ACTION ITEM: Only the lines from the line that contains "Podchorążowie wyszli na ulice Elbląga" through the final line of the entries below belong in your answer, copied exactly and without pictures.
==== RECORDS SHOWN ====
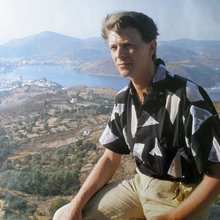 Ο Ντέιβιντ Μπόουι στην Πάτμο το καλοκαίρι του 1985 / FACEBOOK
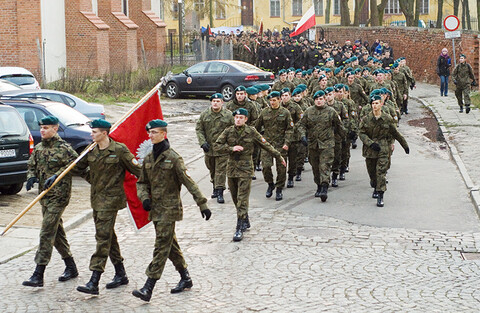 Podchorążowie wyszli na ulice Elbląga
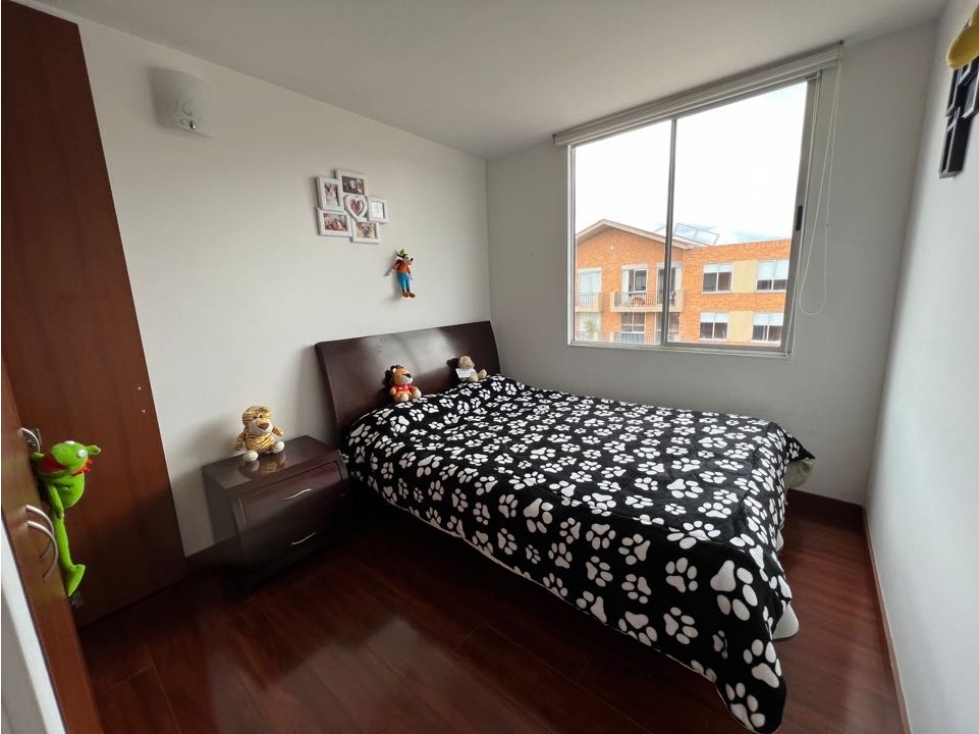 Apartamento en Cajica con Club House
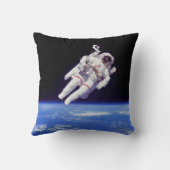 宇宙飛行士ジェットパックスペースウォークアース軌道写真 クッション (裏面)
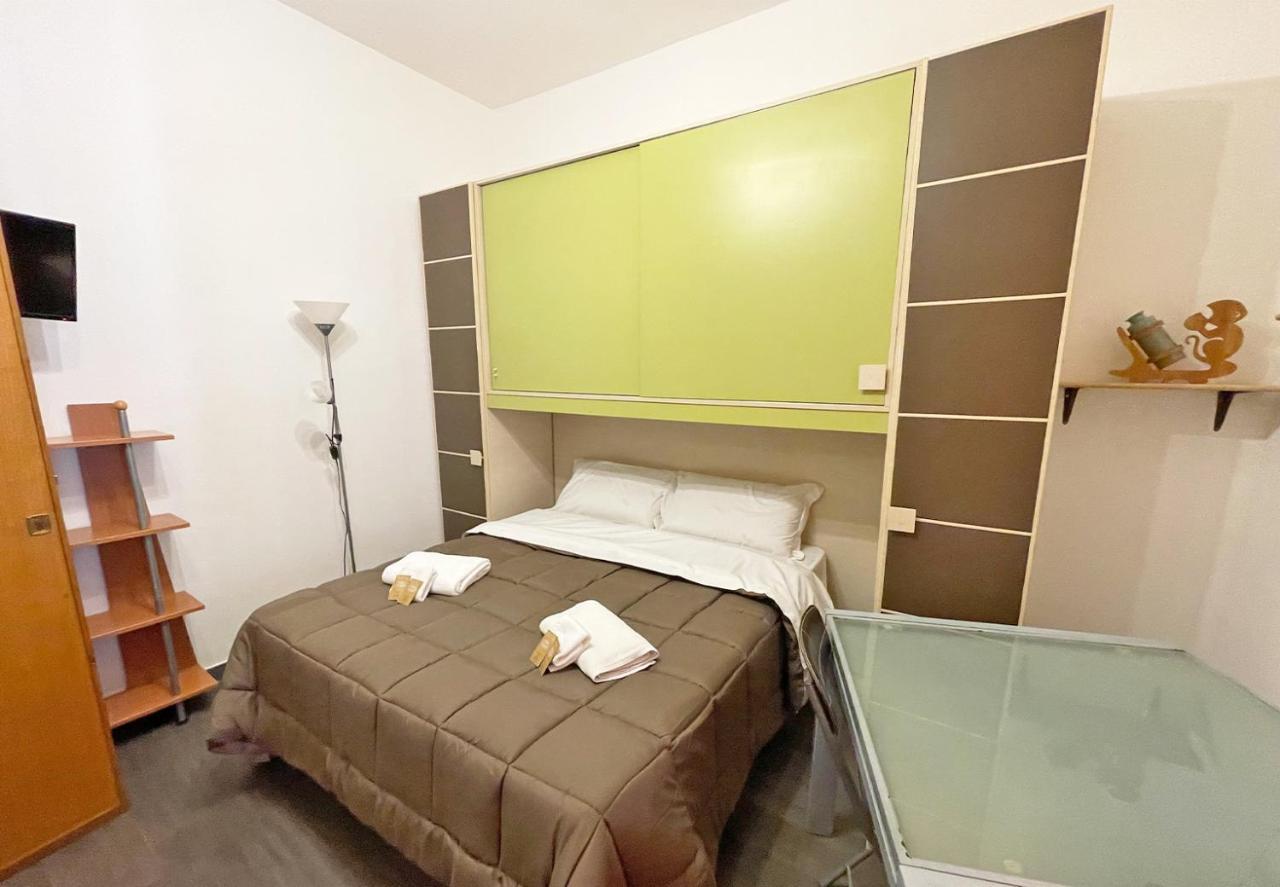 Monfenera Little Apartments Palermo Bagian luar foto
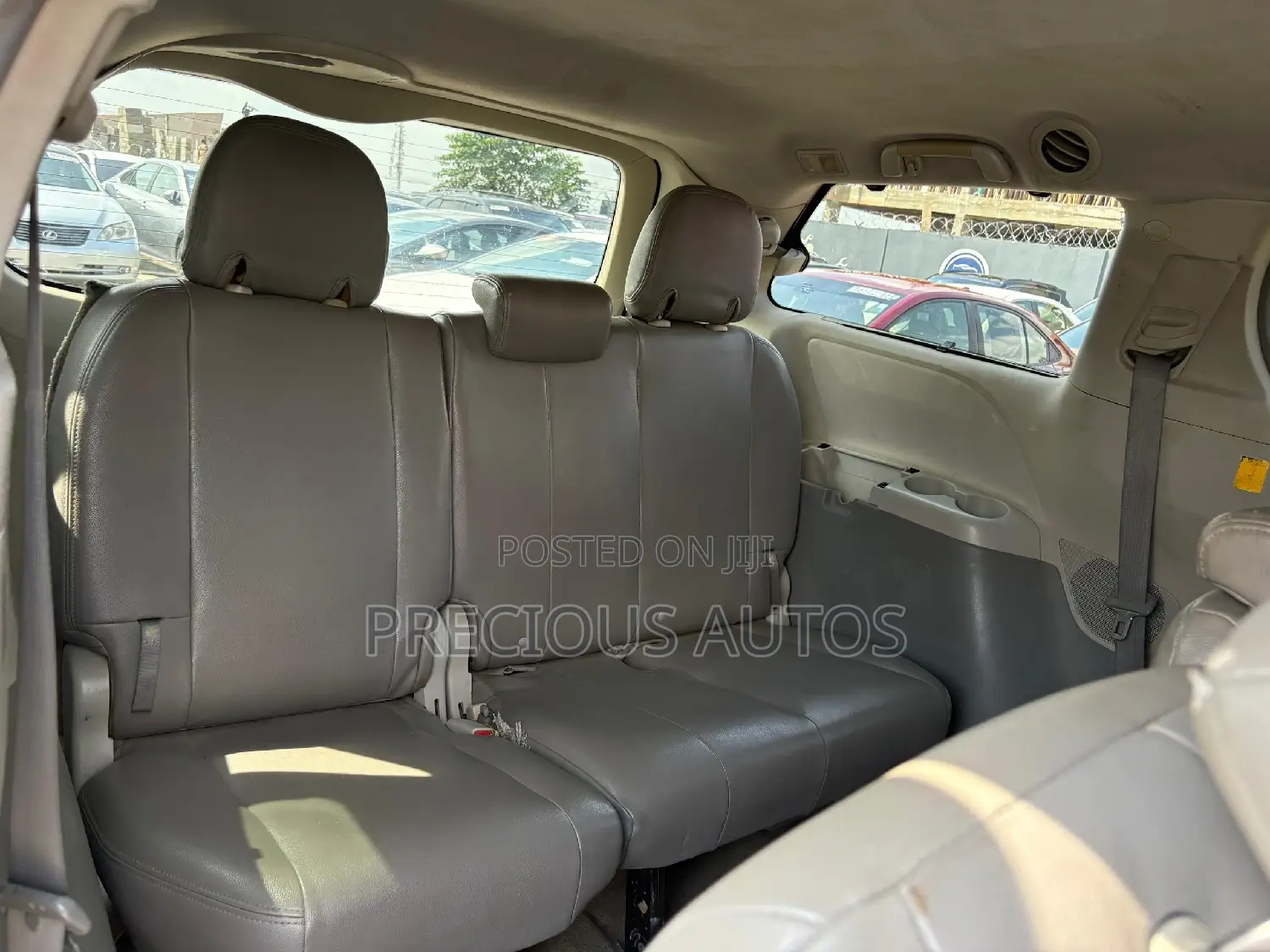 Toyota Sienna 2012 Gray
====
OUTPUT OF THE TASK:
 Podchorążowie wyszli na ulice Elbląga
 Apartamento en Cajica con Club House
 宇宙飛行士ジェットパックスペースウォークアース軌道写真 クッション (裏面)
 Monfenera Little Apartments Palermo Bagian luar foto
 Toyota Sienna 2012 Gray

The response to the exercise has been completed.